Breaking the monotony of Griffintown's dining scene, Nolan offers a familiar yet refreshing ambiance, reminiscent of cherished gatherings with friends. Under the expert guidance of Chef Tyler Flamand, formerly of Knuckles, the menu sings with seasonal local produce. Communal small plates pave the way for a traditional spread of vegetables, pasta, meats, and fish.
While every dish at Nolan is a delight, the Nolan Roll stands out. A gourmet twist on the cheese stick, it melds Montreal smoked meat, Emmental cheese, and sauerkraut, perfectly complemented by a red bell pepper sauce. It's an unmissable treat that keeps patrons coming back for more.
Every Sunday, Griffintown's Mano Cornuto transforms into a haven of Italian tradition. Dive into a four-course feast that feels like home, yet surprises every time. At $40 per person, it's an unmatched culinary journey in Montreal. From fresh salads kissed with unique vinaigrettes to pasta dishes that sing with authenticity, and desserts that melt your heart. And, if you're in the know, the porchetta add-on is a must. Paired with curated wines and special cocktails, Sunday at Mano is more than a meal; it's an experience.
The standalone wood-fired restaurant Hoogan & Beaufort has already made Angus Technopole a destination in Montreal, but with Annette, there’s a cherry on top when heading out east. It’s a plant-filled, wine-forward spot with live entertainment and a finessed menu where chef Marc-André Jetté can really shine, full of comparably smaller plates fed by the chef’s own butcher shop. That means you can expect dishes like boudin croquettes, beef tartare, sweetbreads, and lamb chops alongside lighter vegetarian dishes to round it all out.
Following their runaway hit Krapow (where pandemic-era takeout was flying out the door), Kevin Larken’s Indo-Malay restaurant Sat Lagi slows things down and refines it with this gluten-free, Indo-Malay concept. Launched with a cocktail menu by drinkf master Tao Zrafi and curated wines that pair well with the food from chef Jerome Villarasa—props to dishes like the fried chicken with kefir butter, satay sticks of beef and chicken, classic rendang, and a gnarly whole fried red snapper—this is a big arrival for the Plateau.

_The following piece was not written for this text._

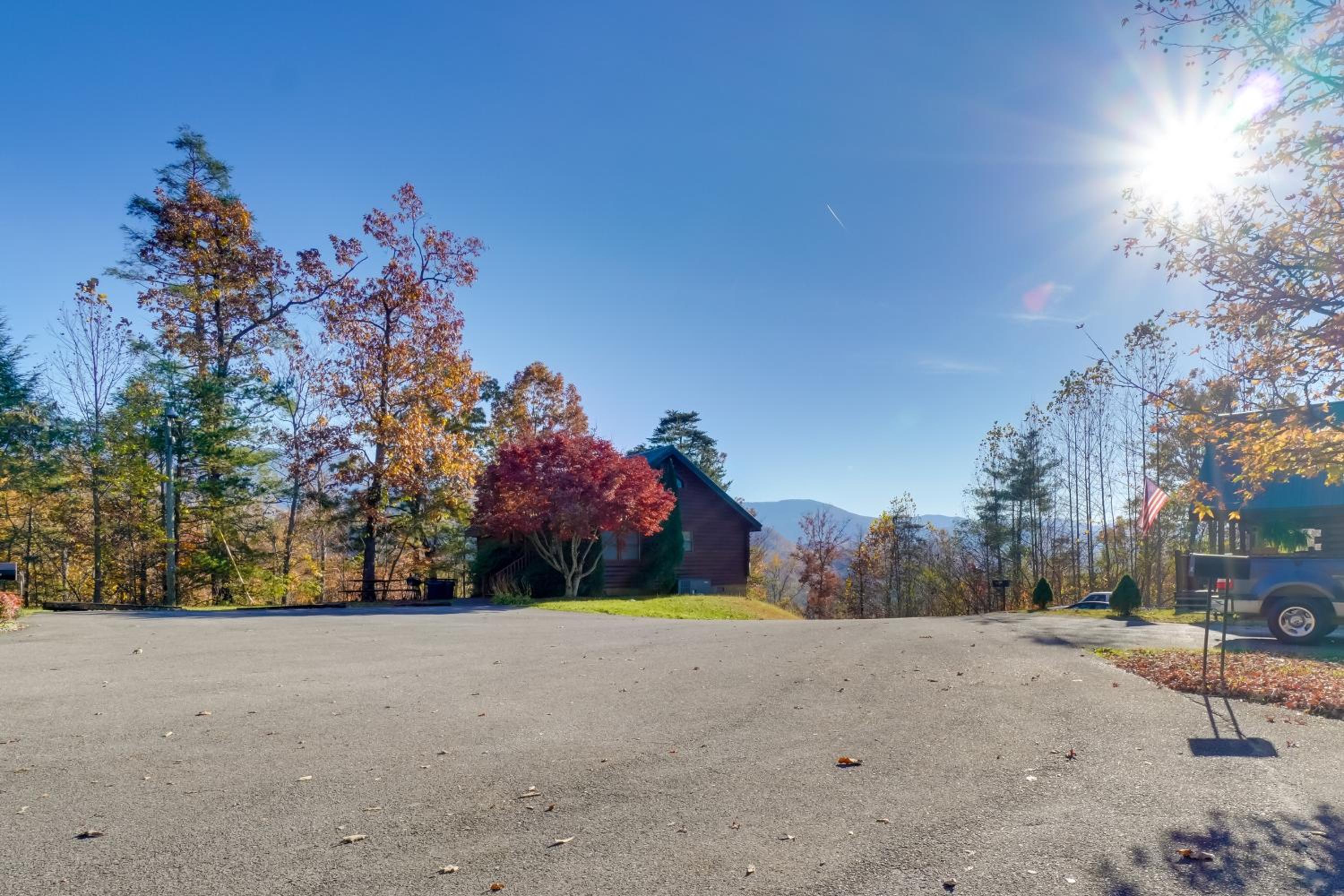 Gatlinburg Scenic Cabin with Hot Tub | 2 Mi to Dtwn!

An Choi Plaza brings an upscale Vietnamese to the city’s wine bar scene. Run by Michelle Vo of the Pasthyme ghost kitchen, Vien Man Cao-Tran (Bar Otto and Otto Ramen), and Douglas Tan (La Bêtise) on the Saint-Hubert Plaza stretch, the restaurant does good by Montrealers both day and night. During lunch service, you’ll find daily soups filled with dumplings and noodles, while the gloves come off at night: Sharing plates of dishes like lemongrass chicken skewers, carpaccio-style beef salads, and fried rice with soft shell crab hits tables with a lot of natural wines and cocktails.
A multi-tiered hospitality concept taking over the upper floors of Place VIlle-Marie, Hiatus has truly set itself up to do it all: An outdoor terrasse with Mediterranean raw bar dining on the 44th floor, a bar with snacks on the 45th, and a full-fledged restaurant on the floor above that (the 46th and highest in the building) cooks up Japanese and French plates with technique interplay between the two cuisines. That translates to things like ramen or nori tacos as well as foie gras tartelettes and arctic char. With ambitious interior redesigns by Sid Lee Architecture, Hiatus has among the highest and most highly-prized tables in the city when it comes to lavish dining.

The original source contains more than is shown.